[Originally published in The Herald of Randolph.]
America is all about checks and balances. We began it all by setting up our national government in a way that would spread power between the Judiciary, Executive and Legislative branches of Government. Each would provide checks and balances on the others.
This arrangement has forced us to compromise. Compromise, in the main, has brought us to the center, politically, economically and philosophically, helping us avoid the extremist pitfalls that have in the past characterized other, more authoritarian systems around the World.
In our national political arena, the spirit of compromise, as forced on us by the diffusion of power between the parties, has helped us achieve centrist moderation. That has occasionally been painful, simply because on the political side, there have been times when one of the parties in our two party system, flush with long-term electoral success, has felt it had no reason to compromise with the other. We have seen that recently and may see it soon again.

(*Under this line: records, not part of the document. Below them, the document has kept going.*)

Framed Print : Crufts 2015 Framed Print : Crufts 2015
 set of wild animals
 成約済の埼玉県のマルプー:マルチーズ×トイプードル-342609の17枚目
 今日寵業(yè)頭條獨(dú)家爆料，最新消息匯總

The arrogance of presumed power and the inclination to uncompromisingly stick it to the other party has often led to the ouster of the offending party and the restoration of power through the electoral re-installation of the opposition. This situation has become more pronounced in recent decades as the Republicans and Democrats have become increasingly at philosophical odds.
We are in the middle of one of these changes right now. We have gone from an essentially autocratic and politically partisan Bush Administration, which did pretty much as it wished, through national disenchantment with those policies, to their ouster and the re-installation of the Democrats.
Despite Obama’s inclination to reach out to the Republicans, which he appears to have sincerely wished to do, two unproductive issues have surfaced. On the left, there are indications that some Democrats would like to get even for the past eight years, where in contrast, the Republicans have lined up and voted in a bloc against all the important Obama initiatives designed to address our critical economic problems.
We have no experience with the economic problems that might teach us what to do today. Further, it would appear that the policies that helped get us here and which in many cases are now supported by congressional Republicans as viable solutions, are not going to get us out of the mess we are in. It may be that Democratic policies also may not do the job either, but at least they have not been tried and already failed.
Yet, these attempts have passed despite 100% Republican Congressional disapproval. Any non-partisan bystander who looks at this situation has to think that the Republicans are taking an incredible, all-or-nothing risk. If the Democrats’ policies don’t work, they, the Republicans, win it all, BUT, and it’s a big but, if the Democrats are even only sufficiently correct, the Republicans will lose.
This may be a gamble that the Republican leadership, if there really is such a thing today outside the talk show circuit, is prepared to take. It may be a risk that the Democrats, believing that their policies will succeed, are also prepared to take. Those real gamblers are, in the main, the most radical and partisan members of both political parties, those who see political annihilation of the other party as a good thing.
However, if you are an Independent, Democrat or Republican and from the political center, this has all the earmarks of an impending disaster. The existence of either a too weak or a too strong party is dangerous. What you don’t want if you are a centrist, is for either party to lose big-time. All that does is put the radicals in charge – the ones who more than anything else, want to use their new power to get even with the party that put them through hell for their preceding years in the political wilderness – and permits them to promote their most radical policies.
The only hopeful sign for moderate, non-partisan centrists at this moment is the indication that some Republicans have been increasingly supporting Obama-sponsored legislation against the wishes of their party leadership. This can be seen in the recent bills addressing credit card fraud, financial fraud and predatory housing lending, all of which have drawn Republican support.
The divisiveness we have seen over the past few decades has been of little service to this country. We were far better off when major differences between the two parties were few and far between and when changes from administration by one party to the other did not presage traumatic political, social and economic change. We need the checks and balances provided by two viable parties with minor, not major differences.
A little more bipartisanship today could help us a lot tomorrow.
Haviland Smith was a long-term resident of Brookfield. He now lives in Williston.